Le associazioni (religiose e non solo) impediscono la maturazione delle persone? Non necessariamente. Ma è vero che, quando un giovane sente una vocazione, è disposto a tutto, non pensa in genere al suo futuro, al suo lavoro, alla sua vita. Sono i suoi responsabili che devono pensare a queste cose: non devono consentirgli di arrivare a 50 anni svuotato, quando ha consumato le risorse morali della sua gioventù e si esaurisce. Non è semplice mettere insieme lo sviluppo umano e professionale di una persona con la dimensione religiosa. Il rischio è che gli appartenenti ai movimenti carismatici non superino mai l’adolescenza spirituale. Ci deve essere la crescita umana accanto a quella religiosa.

«La crisi dei carismi è mancanza di storie capaci di farci muovere dentro e insieme». Le comunità e i movimenti nascono con delle storie che convertono migliaia di persone. Ma poi ad un certo punto cominciano a vivere del passato, si bloccano, ad esempio perché muore il fondatore, e non sono più capaci di aggiungere nuove storie alle vecchie. Si raccontano sempre e solo quelle dei primi tempi, e si vive di rendita. L’errore è pensare che l’unica fonte di innovazione sia il fondatore; invece ogni persona che arriva in una comunità carismatica riceve lo stesso carisma del fondatore, lo ha dentro da sempre. Quindi va incoraggiata alla libertà creativa. Un movimento rimane vivo se le persone sanno ripetere i miracoli dei primi tempi, nuovi fatti e nuove parole.
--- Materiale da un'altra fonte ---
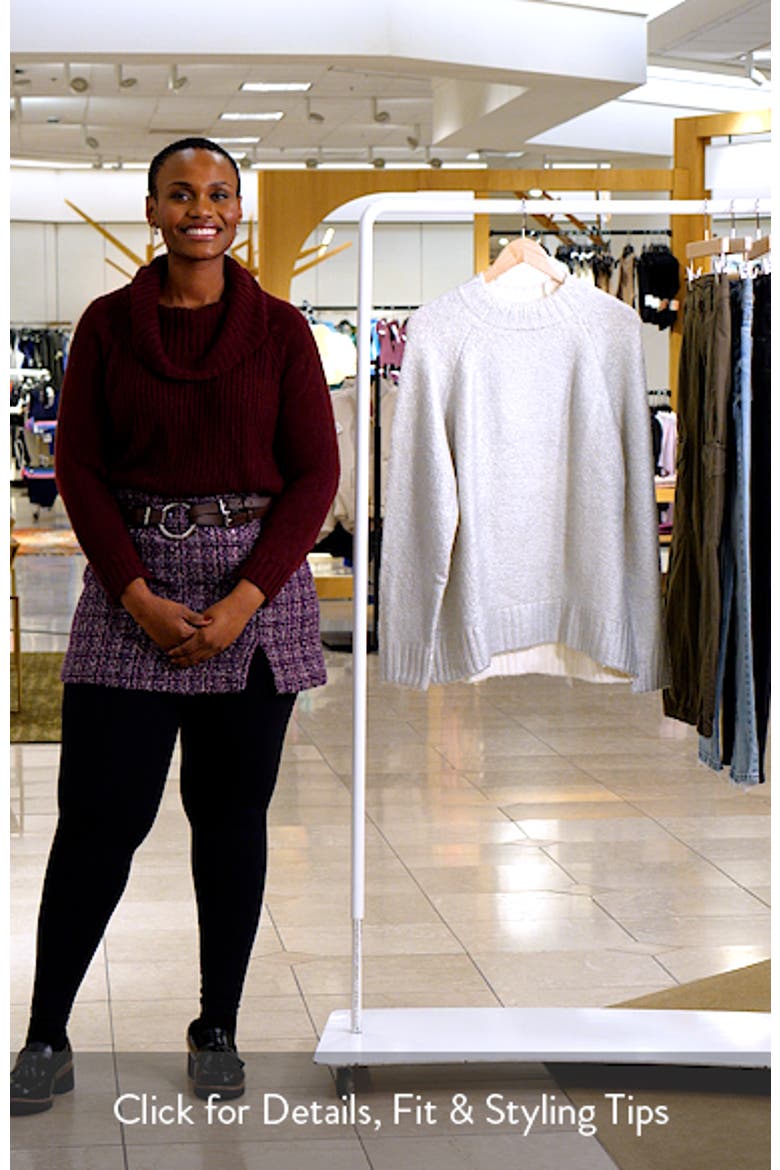 Ilana Metallic Sweater video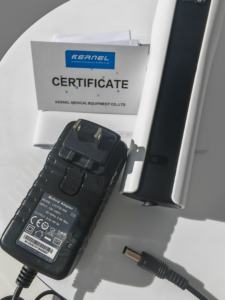 Produk peringkat teratas 2024 tren baru UVB genggam 311nm lampu pengobatan vitiligo pita sempit untuk penggunaan rumahan KN-4003BL2D - Product Image 4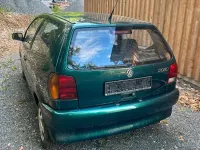Gebraucht VW Polo 60 PS (44 kW) 1996 Grün Kleinwagen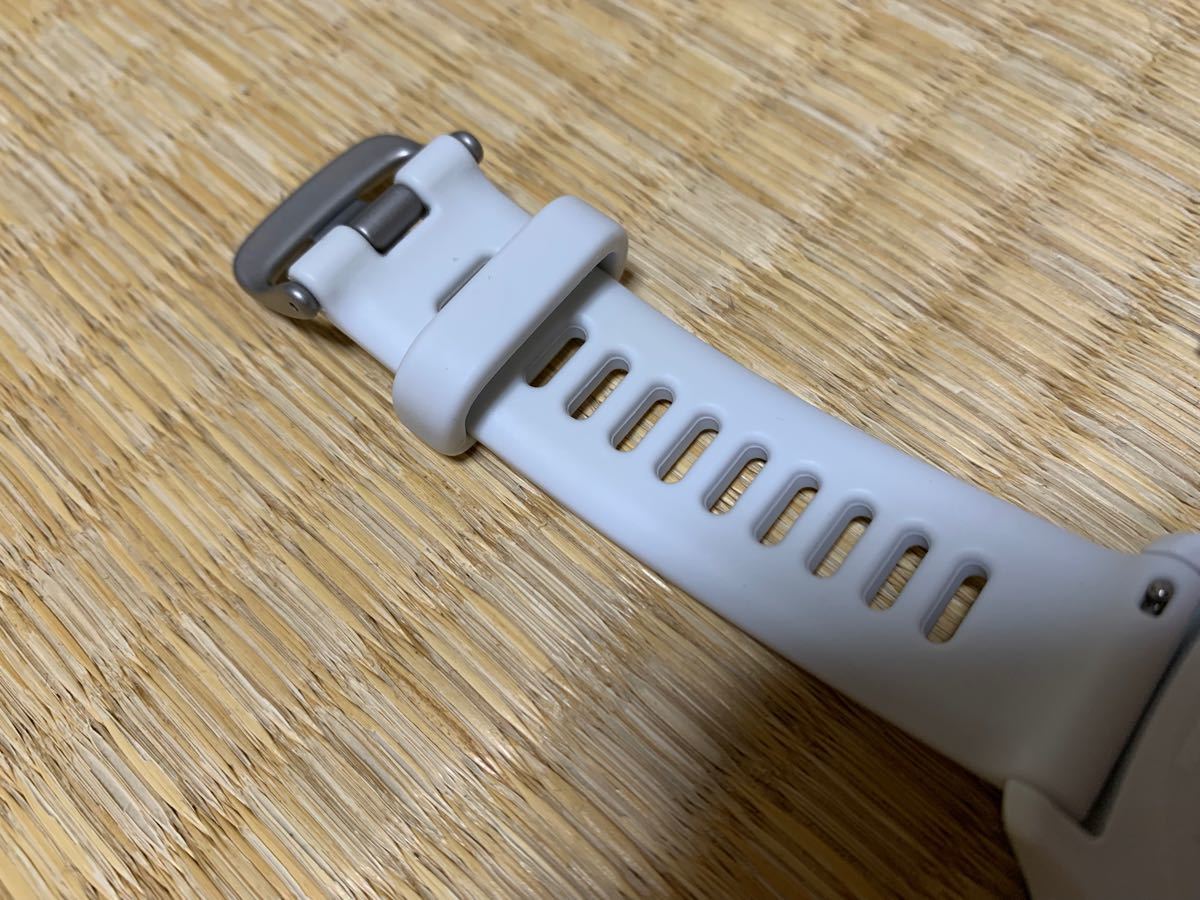 値下げ美品☆ フォアアスリート55 FOFEATHLETE55 白色 GARMIN ガーミン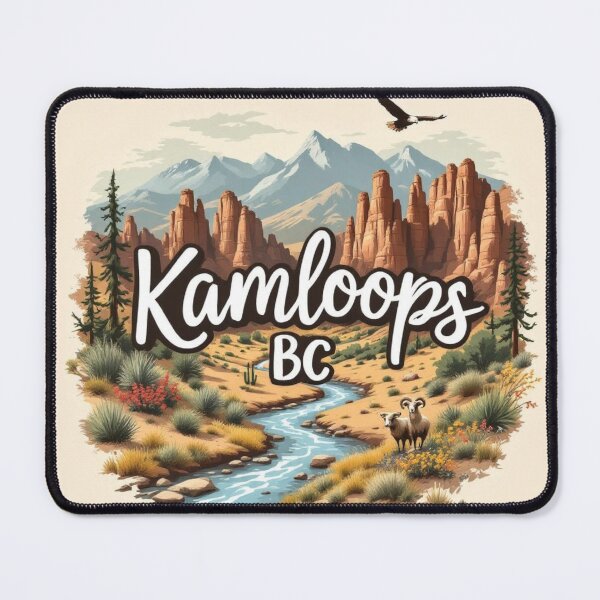 Item preview, Kamloops bc Nature designed and sold by Jamdezines.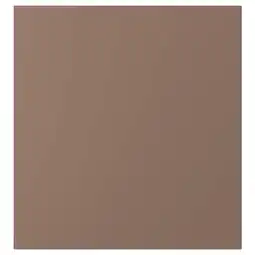 IKEA Lappviken porte, gris brun clair, 60x64 cm offre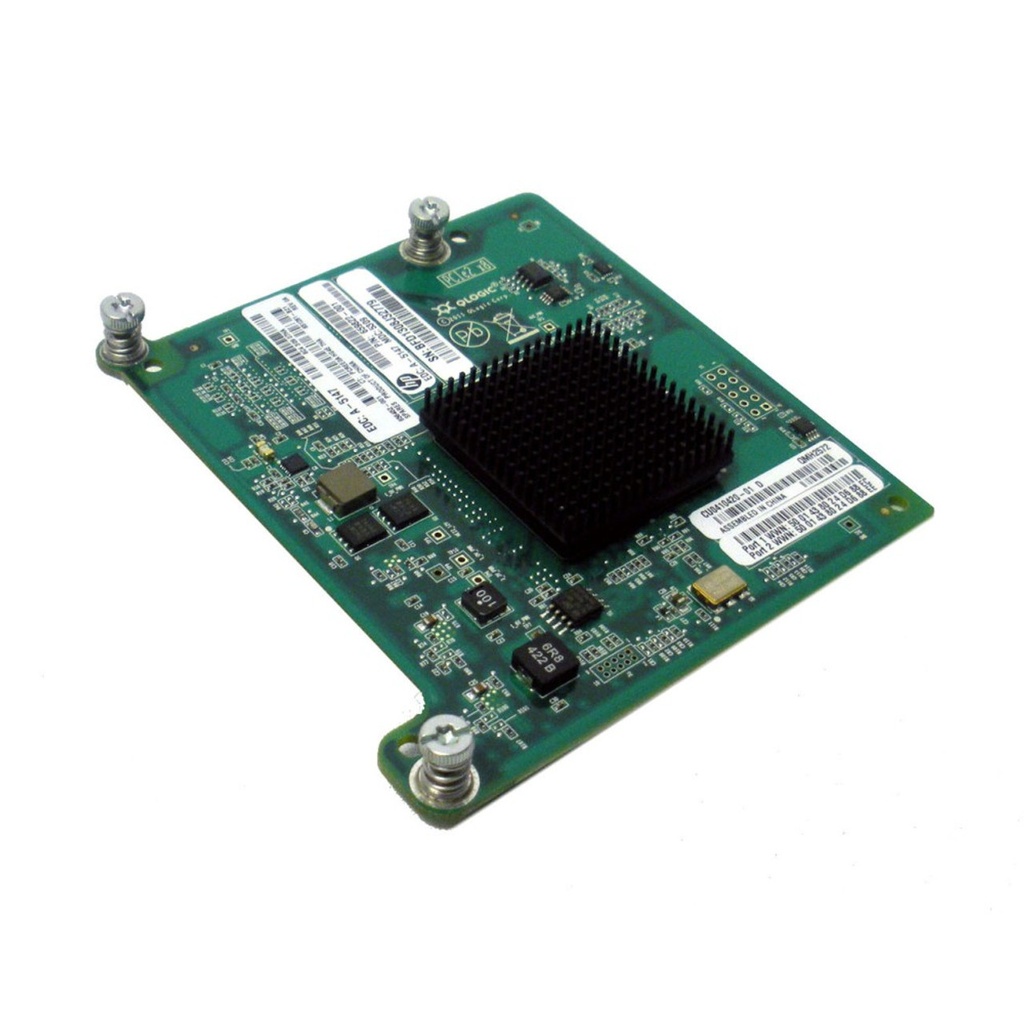 HP QLOGIC QMH2572 HBA 8GFC DUAL PORT HOST BUS ADAPTER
Quale futuro per Luigino Bruni? La mia grande passione di sempre è il carisma dell’unità. Quello che ho capito vivendo, però, è che nessuna persona può essere contenuta da una sola realtà, perché c’è una dimensione di infinito dentro ognuno di noi. Oggi vorrei essere 100% focolarino, ma allo stesso tempo 100% cittadino, 100% appassionato dei carismi degli altri, 100% economista, 100% pacifista, 100% docente, 100% impegnato contro le povertà e l’azzardo. Uno dei rischi dei grandi carismi, infatti, è far diventare le persone esseri ad una sola dimensione, e quindi spegnerle. Dovremmo invece riuscire a far crescere persone a più dimensioni, a farle fiorire veramente.